TM: There is currently an exhibition of Abstract Expressionism at the Museum of Modern Art in New York, including the early paintings of Phillip Guston.
KH: The shimmering field works?
TM: Yes. Speaking about refraction of light, I never noticed the quality of paint or thought about that until I saw those works from the fifties juxtaposed with the works from the sixties. Guston made the paint himself in the fifties. It is actually very matte. The longer I spent looking at these early paintings the more I realized how the materials did in fact enhance the art-making. Rilke wrote of “hand-work” in relation to Cézanne’s painting. The same sentiment is true with Guston. The works do shimmer as you described, but not because they reflect light from the surface. The materials produce this sensation by the nature of the composition of the paint and his touch.
KH: Yes. I agree. The shimmering red field paintings with all their cross hatching seem to glow.
TM: Considering “hand-work,” how were your experiences growing up in the rural Northwest?
KH: It was very different. My parents owned a ten-acre piece of property in Washington State.
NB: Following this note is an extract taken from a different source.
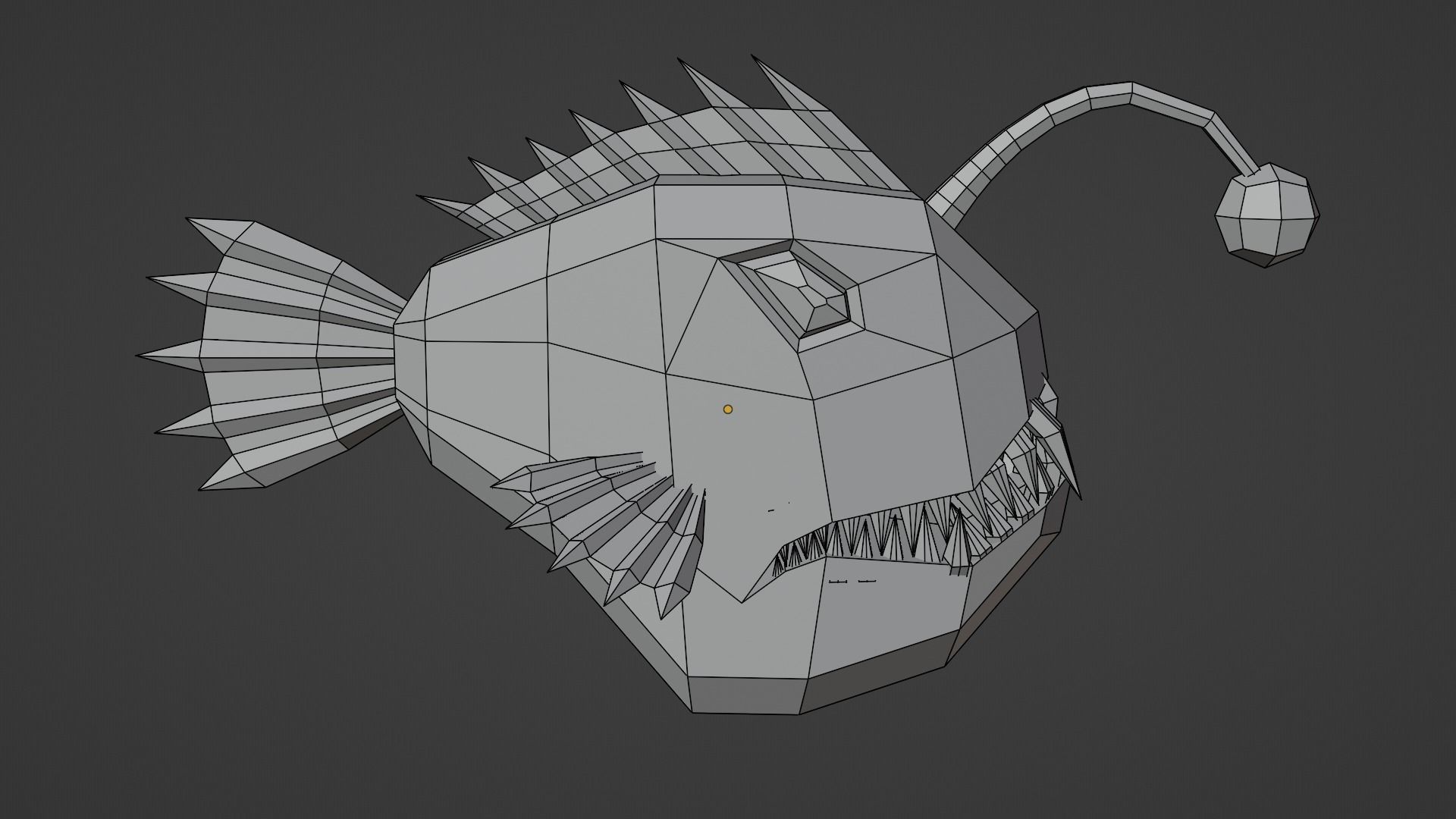 Cartoon anglerfish low poly Roblox game pet  Blender Low-poly 3D model_7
TM: How do you imagine it affected you artistically? You said earlier that you had much more exposure to Asian art. What was the environment like?
KH: My Dad left Los Angeles to escape the city, so when we moved we kind of stopped…we did not drop out totally, but we were pretty isolated. We had a farm with animals. We were not a big producing farm or anything like that, but we were self-sustaining. That affected me in terms of my work. I think about not wasting things. I think about economy. I guess when you grow up that way you start to realize that everything you do has to be as good as possible. If it’s not, you may not have enough food or enough food for the animals, enough food for the winter. You grow to appreciate things differently. That’s probably the most fundamental way growing up there affected me. I grew up doing everything by hand. I did not have many outside influences. We had a television, but we did not sit around and watch it much. It was different. We canned all our own food.
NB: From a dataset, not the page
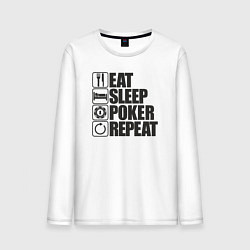 Мужской лонгслив Eat, sleep, poker, repeat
TM: That experience sounds enriching on many levels.
KH: It still sounds wonderful to me too. It is an extreme amount of work. It is almost an environment where there is no room for art. I didn’t grow up with books. I studied the piano, but I never went to a museum until I was in my twenties. There is not much room for that.
TM: Because time is taken by labor?
KH: Yes. I can’t overstate how much work it is. It is rewarding, very rewarding.
TM: There is something very beautiful about the labor of “making.” When you become comfortable baking bread, making yogurt, jarring preserves, there is a feeling of accomplishment that I find similar to art-making. Baking boules of bread requires a temperament that is the same for drawing, paying attention to all different factors while progressing horizontally at the same time. The seasons affect everything.
KH: Yes, especially the cyclical nature of things. It must. I know for me it does; the active and dormant aspects of it in relation to my work.
TM: Explain what you mean by active and dormant.
KH: Well, there is definitely an on-time. It’s called the summer. You are living that kind of life and in the autumn you have to get everything out of the ground and jammed. It’s every day, all day. Then there is the winter time when it is really cold and you can’t really do anything but keep snow off the ground. It makes me more comfortable now that I have a child. I don’t feel hurried by my work. It’s easier for me to step back. There are times when I work and times when I can’t.
TM: The cyclical nature of working can lead to making better work for some artists.
KH: Yes, that’s true. Even if you aren’t actively thinking about art, you are brewing things in your mind.
TM: It was a surprise to learn that half of Washington State is arid like a desert.
KH: There are parts that are like that. We call it high prairie. Much of it is wheat growing and alfalfa growing. You fly over it and you feel like you are flying over the Midwest. Did you drive across?
TM: I drove two hours east from Seattle.